Common FP&A Problems With Excel & How to Fix Them

Decades after the creation of Microsoft Excel, many FP&A professionals today continue to use this 34 year old application. Excel has remained relevant for good reasons. Finance teams can apply Excel to a multitude of tasks, including financial planning, modeling, scenario planning, visualization, data analysis, data storage, textual and quantitative data, and regression/statistical analysis. The primary reason for these specific uses of Excel is its flexibility: Excel allows practitioners to tackle a throng of different responsibilities in a relatively inexpensive, intuitive platform.

Despite these positive aspects of the application, Excel users do consistently encounter multiple specific problems, such as:

  1. A small margin for critical error
  2. A lack of efficiency and control
  3. Lost time to data collection
  4. Low security

Therefore, it is critical for FP&A professionals to understand these specific drawbacks, and when Excel use is or isn’t appropriate. To address its shortcomings, finance teams need to use resources in addition to Excel, and should be aware of the best solutions to different challenges in FP&A.

Small Margin for Critical Error

The margin for error is tiny in Excel. Finance spreadsheets are heavily dependent upon small bits of underlying data. If users make even the slightest mistake, that single slip up can result in a ruined data set. Trudging through the manual tasks required to make accurate spreadsheets is too prone to human error, and too often has disastrous consequences.

For example: In October 2003, a single Excel mistake required The Federal National Mortgage Association (Fannie Mae) to restate its unrealized gains by an amazing $1.2 billion—shortly after it had announced third-quarter earnings. In another case, a simple spreadsheet error caused a company’s stock price to tumble so dramatically that trading was halted. Unfortunately, errors like this exist in a high percentage of business critical spreadsheets.

Lack of Efficiency & Control

Excel use in the wrong circumstances can lead to wasted time and wholly inaccurate data sets. The following 3 cases illustrate why:

  1. When a data file is too large, it can make the Excel program run very slowly, especially if all the data is in one file. Trying to break the data down into smaller files can lead to some of it being lost or misplaced. Excel is not user-friendly and the application rounds off very large numbers using imprecise calculations, which compromises accuracy.
  2. Excel is also a standalone application, and is typically not fully integrated with other business systems (though there are ones which can be integrated with Excel). It does not provide sufficient control because sales managers don’t have easy and consistent visibility of the quotes sent by their reps, or the history of those quotes.
  3. Excel systems cost time because most users invent a unique solution to a common problem. Such solutions are often unseen because they get erased in the merger of data into a single format. Merging data this way wastes time, and checking the data set plus correcting errors wastes even more.

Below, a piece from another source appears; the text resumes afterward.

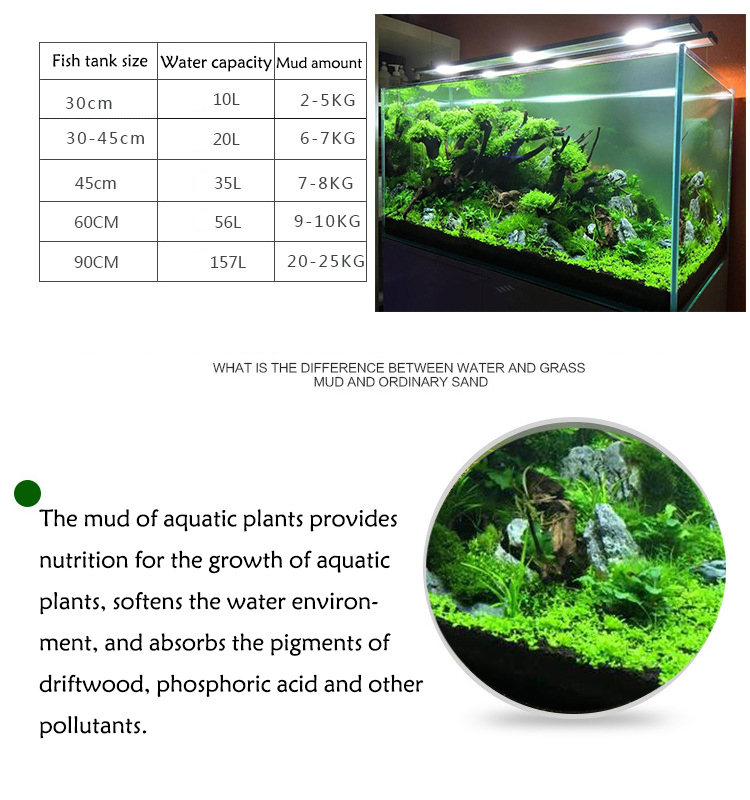 Aquarium Plant Seeds Soil Fish - огляд і ціна Aquarium Planted Fish Tank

Wasted Time on Data Collection

To caveat on the previous subject, one of the biggest losses from excessive time wasted on the extraction and manipulation of spreadsheet data, is that this leaves little room for the drawing and analysis of insights from the data collected. Back in 2017, Mark Garrett, the CEO of Adobe Inc, stated that he was moving towards cutting Excel out of parts of his finance department. Garrett said, “I don’t want financial planning people spending their time importing and exporting and manipulating data, I want them to focus on what the data is telling us.”

Low Grade Security

Fraudulent manipulations in company Excel files have already resulted in some million dollar losses. The main underlying reason behind this spreadsheet vulnerability is the inherent lack of controls which makes it so easy to alter formulas, values, or dependencies without being detected.


The adoption of an FP&A software has proved to be a great way for a number of organizations to address the potential drawbacks of Excel use. Financial software systems provide automation, different analyses of collected data, and higher grade security, hence solving issues of potential fraud, human error, and data accuracy.

However, it should be noted that the aforementioned issues with Excel do not mean that finance teams should bag Excel altogether. Excel’s versatility, universality, and updates make it relevant in a variety of FP&A tasks. The conclusion from considering Excel’s potential drawbacks should be that finance teams can continue to use Excel; they just need to use other resources in addition to it (namely, a software). Ideally, the other tool used should be aimed at complementing spreadsheet usage.